Tegelijkertijd steeg de wereldwijde uitstoot in 2023 juist naar recordhoogte. Dat komt doordat alle andere landen samen steeds meer kooldioxide uitstoten. De minder ontwikkelde economieën kunnen bijvoorbeeld veel minder investeren in duurzame energie.
Dat staat in een rapport van het Internationaal Energieagentschap (IEA). Het gaat de goede kant op met de energietransitie, concludeert de IEA. Maar het agentschap wijst er ook op dat de rijke landen de zwakkere economieën meer moeten helpen.
De rijke landen kwamen op een CO2-uitstoot uit energie van 10,4 miljard ton, een daling van bijna 5 procent.
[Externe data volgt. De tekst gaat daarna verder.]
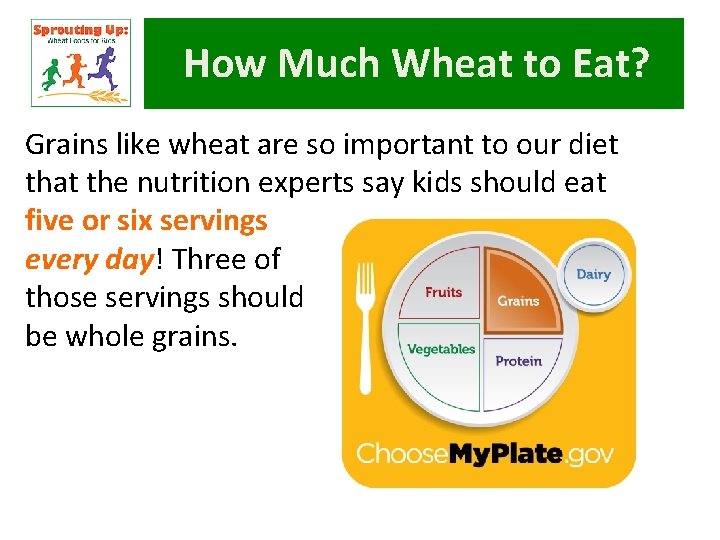 How Much Wheat to Eat? Grains like wheat are so important to our diet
Waar deze landen hun uitstoot nog nooit zo snel zagen dalen, steeg de wereldwijde uitstoot dus toch, met iets meer dan een procent naar 37,4 miljard ton. Die stijging had groter kunnen zijn, maar bleef beperkt door eerdere investeringen in schone energie.
Droogte spelbreker
Het opwekken van energie wereldwijd had afgelopen jaar veel te lijden onder de droogte. Waterkracht leverde daardoor veel minder op en dat gemis moest worden opgevangen met fossiele brandstoffen. Zonder die problemen was de stijging van de wereldwijde uitstoot veel kleiner geweest, stelt het IEA.
Met name China en India hadden last van de droogte. In China nam de CO2-uitstoot met 565 miljoen ton toe, en daarmee steeg het land naar de tweede plaats van de meeste uitstoot per hoofd van de bevolking. In India bedroeg de stijging 190 miljoen ton, al ligt de uitstoot per hoofd van de bevolking hier veel lager dan het wereldwijde gemiddelde. In de Europese Unie daalde de uitstoot met 9 procent.